Kenya’s aggressive anti-rape campaign should serve as a model to the world. The country focuses on teaching both boys and girls how to prevent violence against women.
It all started with teaching Kenyan women and girls self-defense in the No Means No program. When organizers listened to their students, they learned that the boys themselves were said to be the problem. Students said that their boyfriends were their most common violators.
The program directors then did something revolutionary: they listened. Not only did they listen, they implemented change.
Program founders then developed The Moment of Truth, a program aimed at boys. In conversations with both the folks in No Means No and The Moment of Truth, they learned that many boys believed that rape was all right if the victim was out alone after dark, wore revealing clothing or was taken on an expensive date.

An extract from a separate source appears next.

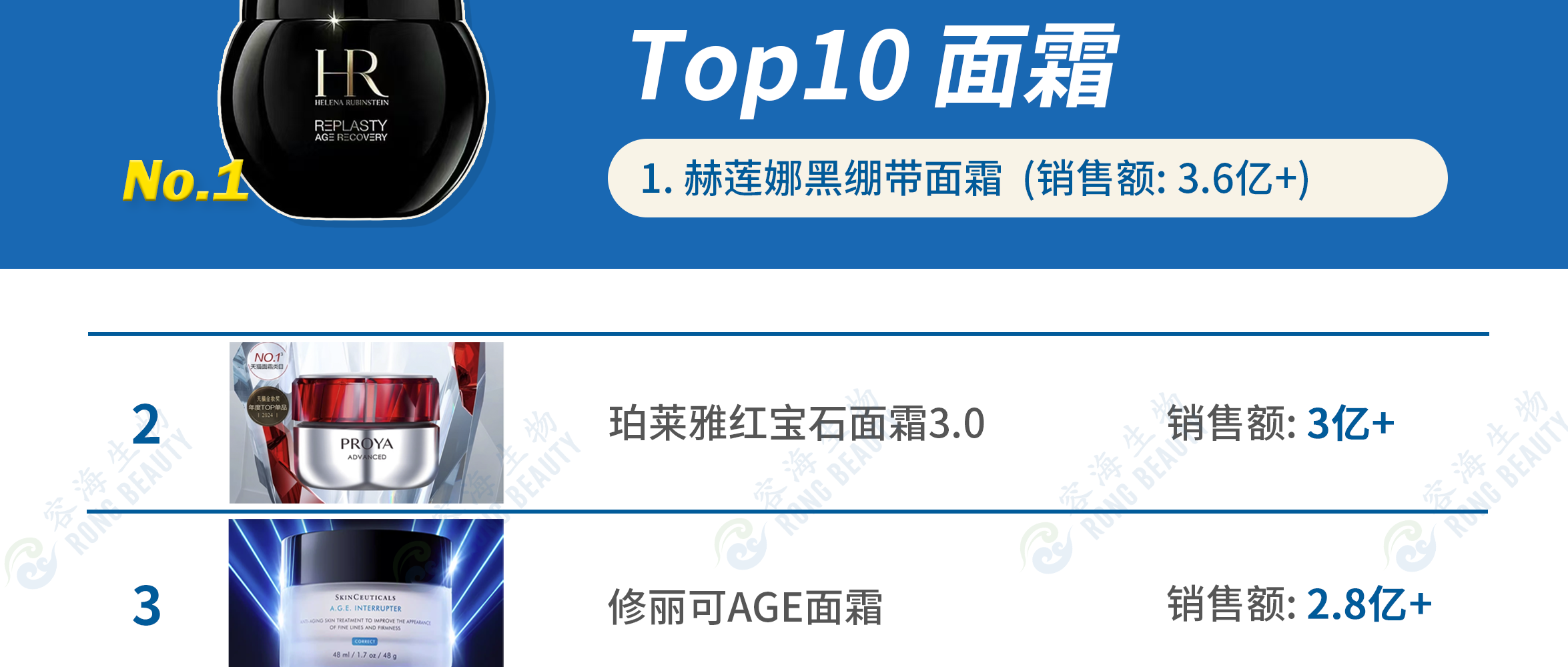RONG资讯 | 2024年度 淘系Top10面霜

The Moment Of Truth has since been used to teach boys about pivotal moments in their life, including consent. As a direct result of these conversations, rape has dropped by a whopping 20 percent among students in schools participating in the The Moment Of Truth program.
Not only are boys less likely to commit the act itself, they are more likely to protect victims and intervene. On top of this, there has been a reduction of harassment of female-identified students. (Unfortunately, the study does not have data for trans or nonbinary-identified folks.)
Rapes have dropped 40 percent among girls who have gone through No Means No training for at least one year.
Imagine what the U.S. could do if sex education was tweaked to reflect consent and safety?
Instead of saying that the victim is “asking for it,” let’s teach those who may become rapists to actually ask for “it” — and how to process rejection without violence.